Quick! Get Bruce Willis into a rocket!
Then fire him straight at this asteroid.
It may not stop the asteroid- which may not need to be stopped- but at least it'd prevent another catastrophe like the last Die Hard.
An asteroid the size of a bus and massing 600 tonnes is barrelling through space toward planet Earth at terrific speed as this report is written. Astronomers say there is no chance that the object, dubbed 2011 MD, will strike our planet but it will corner sharply through our gravitational field and descend to just 7,600 miles …
A ballistic missile can deliver a nuke with some reprogramming, though its impact would be limited without much reaction mass. If you carried some propellant with it though... A nuke with a tank of some liquid (water? hydrogen? kitty litter?) next to it, detonated so the reaction mass tank is between the nuke and the target.
It would give a trajectory altering bump.

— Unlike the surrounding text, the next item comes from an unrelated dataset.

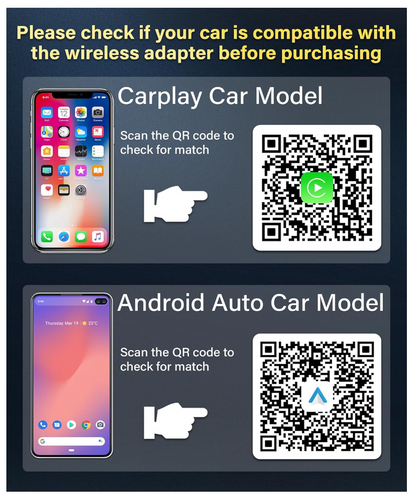2-in-1 Wireless Adapter CarPlay Android Auto 5GHz Plug & Play Schnellübertragung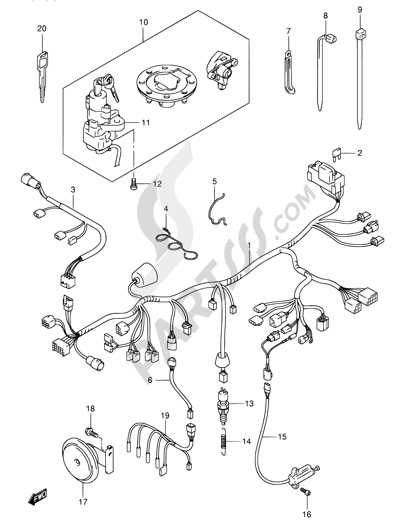 bandit parts diagram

You might do this if you know in advance that it would likely hit the Earth on the _next_ pass, but not the current one.
But of course our ability to predict these things is not good enough to tell that the nuke won't _cause_ it to hit on the next pass.
Right now, though, just being able to see these things is good enough. If one were to hit, I dunno, Pakistan, and you already knew it was coming, you'd know it wasn't an Indian nuke (or whatever) and if it were to hit anywhere, you would have a head start on getting disaster relief ready to go.
I wonder if a larger rock could honestly be mistaken for a nuke? I'm gonna go ask uncle google.
There's several features of a nuclear explosion that this wouldn't have.
First, the light-flash will be quite prolonged, even if a satellite sensor can't resolve the shape. Also, there's some distinct clues in the different patterns of the flash in different parts of the spectrum.
Second, if it does get down to ground level. the seismic signature will be different.
Third, even with the energy release starting in the upper atmosphere, there's no EMP
I don't know if there are routinely-deployed instruments which can detect the gamma-ray pulse from a nuclear detonation, but that's missing too.
The possibility of an asteroid impact being mistaken for a nuke has been the subject of SF stories. It might have happened in the early days of ICBMs, when only a single missile might have reached its target, and most of the attack was bombers. A single big explosion might be mistaken for the (rather fanciful) terrorist nuke, but we have much more awareness of what's out there.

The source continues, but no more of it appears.